:: Source material
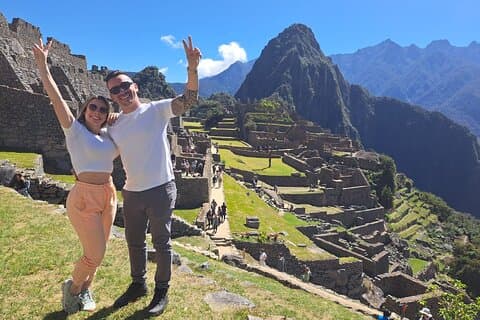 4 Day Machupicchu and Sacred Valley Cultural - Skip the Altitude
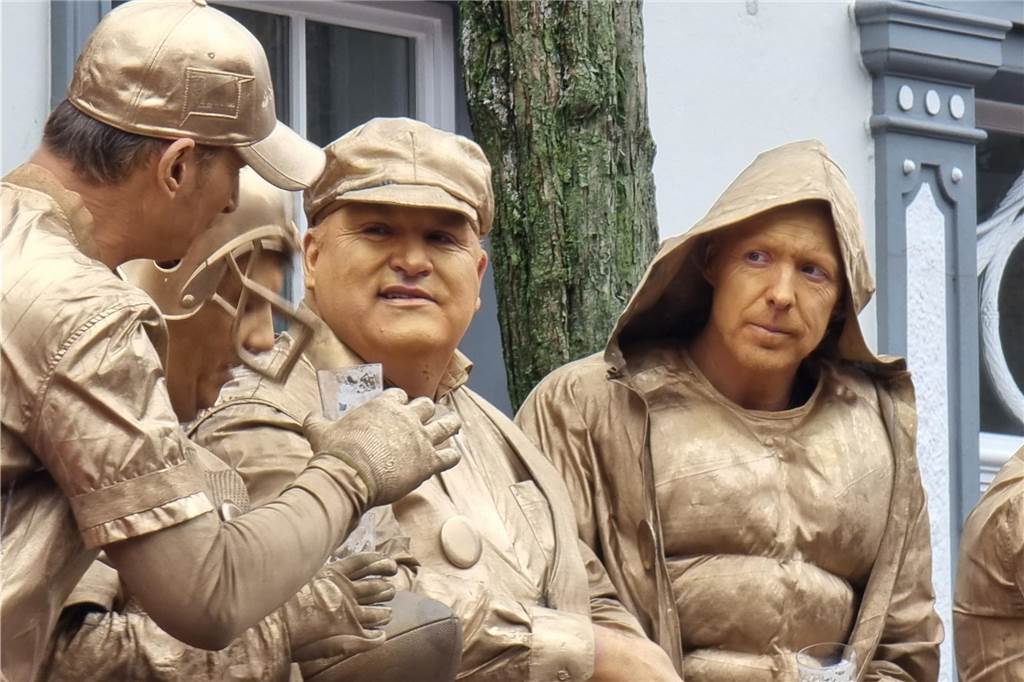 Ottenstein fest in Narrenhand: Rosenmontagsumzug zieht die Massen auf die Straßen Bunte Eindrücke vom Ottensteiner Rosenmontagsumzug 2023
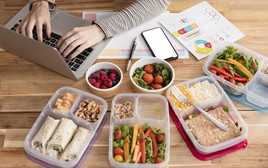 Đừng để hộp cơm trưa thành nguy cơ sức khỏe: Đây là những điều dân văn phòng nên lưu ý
::::
**Problem requirements**
Return each line above word for word. Skip the pictures.

**Task response**
 4 Day Machupicchu and Sacred Valley Cultural - Skip the Altitude
 Ottenstein fest in Narrenhand: Rosenmontagsumzug zieht die Massen auf die Straßen Bunte Eindrücke vom Ottensteiner Rosenmontagsumzug 2023
 Đừng để hộp cơm trưa thành nguy cơ sức khỏe: Đây là những điều dân văn phòng nên lưu ý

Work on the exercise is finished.